Hibernation: Catching a Few Z's

Critters in the Garden

Carol Lerew
RSABG Volunteer, Nature Interpreter

Wouldn’t it be great to curl up for a long winter’s nap and awaken when the spring flowers are blooming? Not humanly possible, of course, but there are animals who do take advantage of such abilities.

Hibernation is a resting state in which the mammal’s body temperature has dropped, and breathing, heart rate and metabolism have all slowed. This occurs during hostile seasons when the animal is less able to find adequate food to maintain energy. When this type of condition happens during the summer it is called estivation. Both are survival adaptations.

We know the story about bears snoozing in their dens while snow covers the countryside. Just what exactly happens to produce this state? Beginning in the early summer bears begins to eat heavily, chowing down great amounts of vegetable matter like ripe berries, insects, small rodents and fish. Thick layers of body fat accumulate in preparation for winter. At some point, perhaps coinciding with colder weather, precipitation, declining daylight length and the animal’s internal rhythm, its body signals it’s time to sleep.

In the den, the bear’s metabolism, breathing and heart rate slows, and its body temperature drops slightly. Proteins and urine are recycled allowing it to remain in torpor for most of the winter as it lives on body fat. Cubs are born in January while the mother is hibernating, suckling and nestling against her warm body as she remains dormant. Occasionally the mother rouses to check on her cubs. Some authorities assert that bears do not really hibernate because their body temperatures do not drop as low as that of the environment, one of the guidelines to determining hibernation.

Hibernation among rodents has been studied for decades, particularly for the golden-mantled ground squirrel (Spermophilus lateralis). Curled in its underground nest, its breathing, heart rate and metabolism slow. Its body temperature drops to a point just slightly above that of the surrounding air.

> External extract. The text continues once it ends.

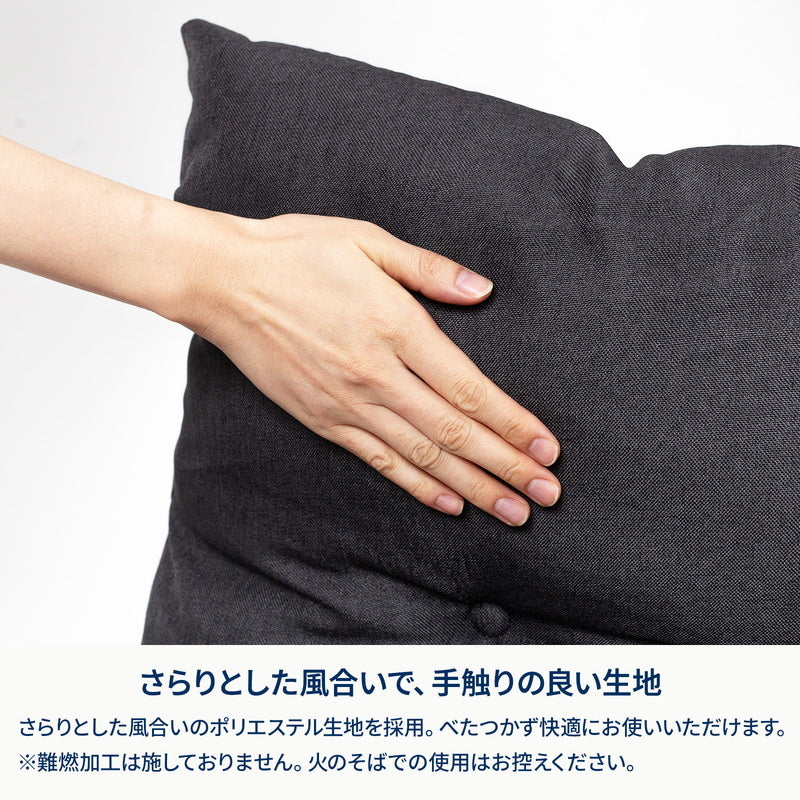 【お得なセット】クライマックスローチェア２　ＡＬ（アルミ）＋クライマックスローチェア用チェアカバー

Periodically it will rouse briefly but, like the bear, does not eat until it emerges from hibernation in the early spring. The chipmunk, however, stores large amounts of food in its nest and does eat during periodic arousals.

Many small mammals lose body mass during the winter thus lowering metabolic needs and reducing the need for hibernation. Some species of shrews and voles actually lose brain mass causing significantly fewer metabolic requirements, for the brain needs a large amount of energy. This shrinkage is thought to be controlled by the declining length of daylight.

Among closely related groups of California mammals there are both hibernating and non-hibernating species. Why this occurs is not known. For example, kangaroo rats are not known to hibernate, but several species of pocket mice are. Most species of ground squirrels and chipmunks hibernate, but tree squirrels do not. Some carnivores, such as the black bear, have a deep winter sleep, but various kinds of weasels do not.

Almost all California bats hibernate, usually moving into caves or mine shafts in the fall. Their seasonally acquired layer of fat enables the bat’s body temperature to drop close to the ambient temperature of the cave in a complex metabolic action not fully understood. During hibernation the fat serves as an energy supply and their bodies seem to lose body water. They feel cold to the touch and are sometimes covered in frozen dew droplets. Upon their periodic arousals they frequently ingest these droplets from their fur.

Hibernation as a survival adaptation is one of the wonders of evolution in the natural world. Researchers continue to study this phenomenon trying to find human applications. Perhaps induced hibernation in people with diseases or injuries could be a key to the healing process. Would periodic torpor help to lengthen human life? The questions are many, and significant discoveries may be just around the corner.